Genetics and Democracy in the United Kingdom

Solving the democracy deficit through modern science

 

crowned_egg

With the impending union of male and female royalty breeders, there has been increasing tendency to cite Thomas Paine’s evergreen mockery: “the idea of hereditary legislators is as inconsistent as that of hereditary judges or hereditary juries; and as absurd as an hereditary mathematician, or an hereditary wise man; and as ridiculous as an hereditary poet-laureate.” (Paine never got to see the number of mathematician children filling the posts in most of today’s leading mathematics departments, but the point is well taken.) Seen as the monarchical version of an election — the keystone of the procedure by which a legitimate head of state is created — a Royal wedding certainly feels a trifle arbitrary. But this opposition to monarchy, though it wears the finery of modernity, has failed to keep up with advancing technology. True, it might formerly have been the case that the hereditary principle made the choice of head of state no different from a lottery (for which, see this suggestion). It seems impossible to unite the hereditary principle with the increasingly popular beliefs that rulers should be selected by some non-random process, and that hoi polloi should have something to say about it. But now the following arrangements have been announced by the Palace (a particularly sodden corner of the palace wine cellar, to be precise)*:

  1. Following the wedding, a selection of at least 5 royal spermatozoa** will be extracted and fully sequenced by a specially selected team at the Royal Institution for Genetics Pedigree Studies. The secret method (which, in a nod to popular taste, does use beer as a reagent) has been designed to be maximally non-destructive.
  2. The sequences will published on the website princesperm.gov.uk. The public will have 5 days to register and vote for the one that they prefer be invited to form their new ruler.
  3. The elected sperm will invited in the first instance to inseminate the royal egg. Should it fail in its attempt, the second-place sperm will be sent in. In the case of a repeat failure, a national referendum will be held to determine the correct voting procedure.

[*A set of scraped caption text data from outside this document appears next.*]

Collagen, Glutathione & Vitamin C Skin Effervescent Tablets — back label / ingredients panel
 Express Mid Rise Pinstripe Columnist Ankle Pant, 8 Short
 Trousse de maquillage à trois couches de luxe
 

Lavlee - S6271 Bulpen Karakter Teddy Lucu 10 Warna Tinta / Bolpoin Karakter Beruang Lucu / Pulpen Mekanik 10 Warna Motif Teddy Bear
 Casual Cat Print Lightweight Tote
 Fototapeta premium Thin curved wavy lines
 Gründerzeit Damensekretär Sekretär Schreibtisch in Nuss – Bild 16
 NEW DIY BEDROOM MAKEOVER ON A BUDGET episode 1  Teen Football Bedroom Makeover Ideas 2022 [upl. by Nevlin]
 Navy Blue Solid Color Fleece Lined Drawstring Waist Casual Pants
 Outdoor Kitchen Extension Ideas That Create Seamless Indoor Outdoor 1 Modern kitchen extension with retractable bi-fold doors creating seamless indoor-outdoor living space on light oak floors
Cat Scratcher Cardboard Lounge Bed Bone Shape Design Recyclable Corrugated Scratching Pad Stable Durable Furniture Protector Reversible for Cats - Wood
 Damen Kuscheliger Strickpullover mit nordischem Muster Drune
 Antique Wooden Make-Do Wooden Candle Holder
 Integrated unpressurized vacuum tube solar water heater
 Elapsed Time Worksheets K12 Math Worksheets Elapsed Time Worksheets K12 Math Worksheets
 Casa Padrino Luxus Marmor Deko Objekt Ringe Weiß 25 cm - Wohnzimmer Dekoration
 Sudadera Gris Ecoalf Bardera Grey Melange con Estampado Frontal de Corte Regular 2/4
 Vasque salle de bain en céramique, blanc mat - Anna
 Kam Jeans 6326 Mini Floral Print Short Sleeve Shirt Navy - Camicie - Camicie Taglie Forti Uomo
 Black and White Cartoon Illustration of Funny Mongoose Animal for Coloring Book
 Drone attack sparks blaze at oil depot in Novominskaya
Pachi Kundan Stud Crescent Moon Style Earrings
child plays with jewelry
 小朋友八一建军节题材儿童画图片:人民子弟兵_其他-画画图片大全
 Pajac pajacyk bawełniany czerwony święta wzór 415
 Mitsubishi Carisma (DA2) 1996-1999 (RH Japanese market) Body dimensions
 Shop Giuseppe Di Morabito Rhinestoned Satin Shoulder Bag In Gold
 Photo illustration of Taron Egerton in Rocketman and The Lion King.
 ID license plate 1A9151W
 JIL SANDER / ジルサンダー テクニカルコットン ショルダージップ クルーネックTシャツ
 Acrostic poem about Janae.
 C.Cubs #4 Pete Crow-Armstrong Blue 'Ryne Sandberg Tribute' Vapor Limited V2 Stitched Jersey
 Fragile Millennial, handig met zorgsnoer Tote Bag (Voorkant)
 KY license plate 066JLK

* It may be argued that this election proposal, being purely fictional and even farcical, has no bearing on the justification or not of the British monarchy. A dangerous argument indeed, for those who would dispense with fiction and farce would leave central pillars of the British constitutional order bereft of all foundation.

** Why are the future queen’s eggs not also sequenced? Choice of the ovum is a royal prerogative, cf.  Blackstone, Commentaries on the Laws of England, v. 5, section 113 (Oxford 1765-1769).